On Mon, 27 Jan 2003 15:36:29  
 Dr. Bruce R. McFarling wrote:
>On Sun, 26 Jan 2003 14:52:50 -0500, 
>STEPHEN BLOCK <[EMAIL PROTECTED]> wrote:
>
>>A question:
>
>>It is assumed that deficits are stimulative. But is it the case 
>>that they are _inherently_ stimulative, or are they stimulative 
>>primarily when the deficit is the result of increased government 
>>spending, and not just because of a reduction in revenue?

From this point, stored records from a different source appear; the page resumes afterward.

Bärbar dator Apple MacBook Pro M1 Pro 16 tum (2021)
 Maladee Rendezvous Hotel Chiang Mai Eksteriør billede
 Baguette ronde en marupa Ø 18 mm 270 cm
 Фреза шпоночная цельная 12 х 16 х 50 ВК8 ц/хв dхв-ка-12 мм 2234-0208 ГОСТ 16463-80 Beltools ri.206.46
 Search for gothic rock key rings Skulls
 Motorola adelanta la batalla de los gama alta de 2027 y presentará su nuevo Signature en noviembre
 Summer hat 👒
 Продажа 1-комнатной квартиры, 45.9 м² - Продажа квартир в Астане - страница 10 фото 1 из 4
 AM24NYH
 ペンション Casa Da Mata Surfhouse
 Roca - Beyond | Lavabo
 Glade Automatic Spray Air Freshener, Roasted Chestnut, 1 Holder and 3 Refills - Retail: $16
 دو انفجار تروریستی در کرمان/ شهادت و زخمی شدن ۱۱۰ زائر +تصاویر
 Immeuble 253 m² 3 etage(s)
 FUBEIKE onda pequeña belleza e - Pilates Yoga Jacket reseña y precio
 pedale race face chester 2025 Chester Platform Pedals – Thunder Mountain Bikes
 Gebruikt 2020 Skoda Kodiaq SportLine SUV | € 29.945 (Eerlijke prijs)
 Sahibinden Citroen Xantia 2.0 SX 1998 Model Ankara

If they 
>>are inherently stimulative, can anyone explain how that works?
>
>Government spending is directly stimulative, because what 
>they buy necessarily provides effective demand.
>
>Tax reductions are indirectly stimulative, by increasing 
>disposable incomes.  The additional consumption decision 
>between the government policy decision and the stimulus 
>normally implies a weaker stimulus, by the propensity to 
>consume (share of new income that tends to be spent rather 
>than saved).  If that is a relatively modest increase per 
>person spread around a lot of people, as with, say, raising 
>the personal deduction (tax free threshold in Australia), 
>then it would take a very broad based sentiment in favour 
>of not spending that disposable income to fall very far 
>short of the expected impact.
>
>Of particular concern is that a reduction in taxation 
>on income on dividend income, since more of that 
>decision whether to spend or save that income comes 
>under a relatively small number of people (institutional 
>investors, wealthy individual investors) making 
>decisions regarding bigger chunks of money at a time. 
>If there is a strong tendency to hold the tax cut as 
>"reinvested" dividends, it might not have a major 
>stimulus effect.
>
>Of course, if the political cause of fighting the 
>dividend income tax cut was lost, it would be 
>preferable for the corporate tax paid on the 
>dividend income to come back as franking credits, 
>rather than dividends to be tax free, since tax 
>credits retain the principle of progressive income 
>tax.
>
>The notion that investors in corporations should 
>essentially recieve the substantial social benefit of 
>limited liability for free, which is the essence of 
>the "no double taxation" argument, is an odious one, 
>and its a shame that most Americans get their news 
>from direct beneficiaries of this notion.